Avid Xpress Pro 5.5 is a high-powered video editor brought to you by the company that put the digital into digital video editing. Not only does Xpress offer a long list of pro-level features, but it also sports file compatibility with higher-end Avid gear found in edit bays around the world. But Xpress still has some annoying quirks; namely, its Mac support has been pretty iffy lately, and it also costs nearly $400 more than Apple's Final Cut Studio ($1,299, www.apple.com), which has more features.


Xpress's core features have been in place for years - things such as flexible trimming tools, advanced color correction, real-time video and audio effects, multicamera editing, media consolidation, and a highly customizable interface. Version 5.5's most important improvement is that it can capture, edit, and export HDV and DVCPRO HD video as well. If you've jumped on the HD bandwagon, chances are that Xpress will work with that stunning footage you've shot. Plus, if you add Avid's Mojo hardware to the mix ($1,695 to $2,495), you can also work with uncompressed SD video. Xpress still doesn't support uncompressed HD, which is something that Apple's Final Cut Pro handles right out of the box.


Xpress does have something that Final Cut users will envy, however: the ability to combine different media formats on a single timeline without having to render them first. Nowadays, a project's footage can come from different cameras shooting in different formats, and Xpress's ability to seamlessly mix them all together is a time-saver. Another feature we dig is Xpress's built-in motion stabilizer, which can remove (or at least minimize) camera shake. Effects packages such as Adobe After Effects or Apple's Shake can do the same thing, but being able to do it right in your video editor saves time.


Arguably, Xpress's biggest advantage is that it's compatible with all of the high-end Avid workstations in the world (and there are lots of them, since Avid is considered the gold standard in film and TV production). You can do the vast majority of your work using Xpress, and then take your project to a rental suite and finish it up on a high-end Avid box. For example, suppose you shot your project in uncompressed HD, but you copied it to DV video tapes and edited those tapes on your Xpress-equipped PowerBook. (Why not a MacBook Pro?
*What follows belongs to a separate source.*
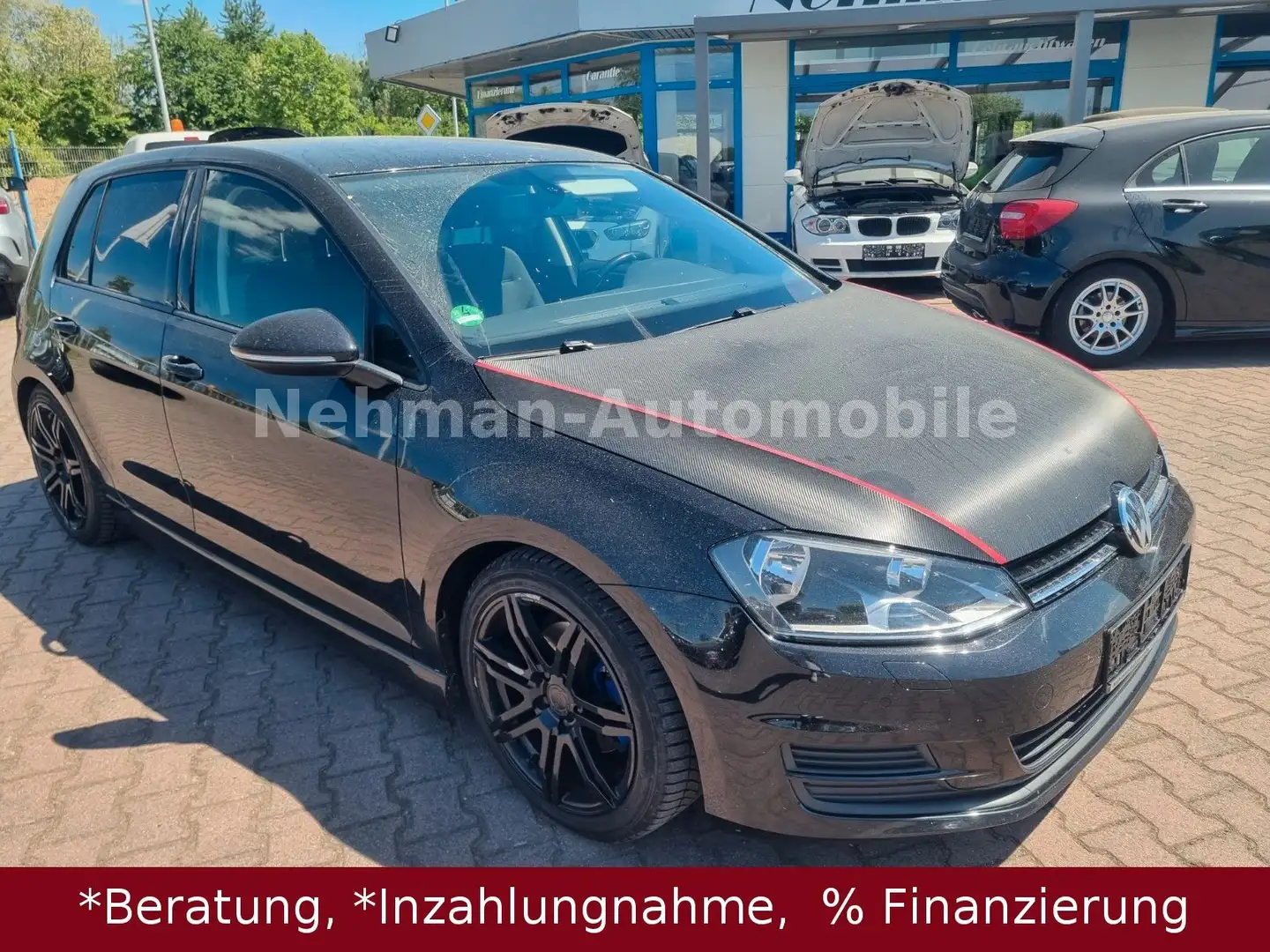 Volkswagen Golf VII Lim. Comfortline BMT Noir - 2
More on that later.) Once your edit is done, you could take your project file to an Avid Nitris, which would automatically recapture and reassemble your edited video using your HD master tapes, and apply top-tier color correction and other effects. (You could use the same strategy with Final Cut Pro, but it's generally harder to find high-end Final Cut systems to rent, as opposed to Avid gear.)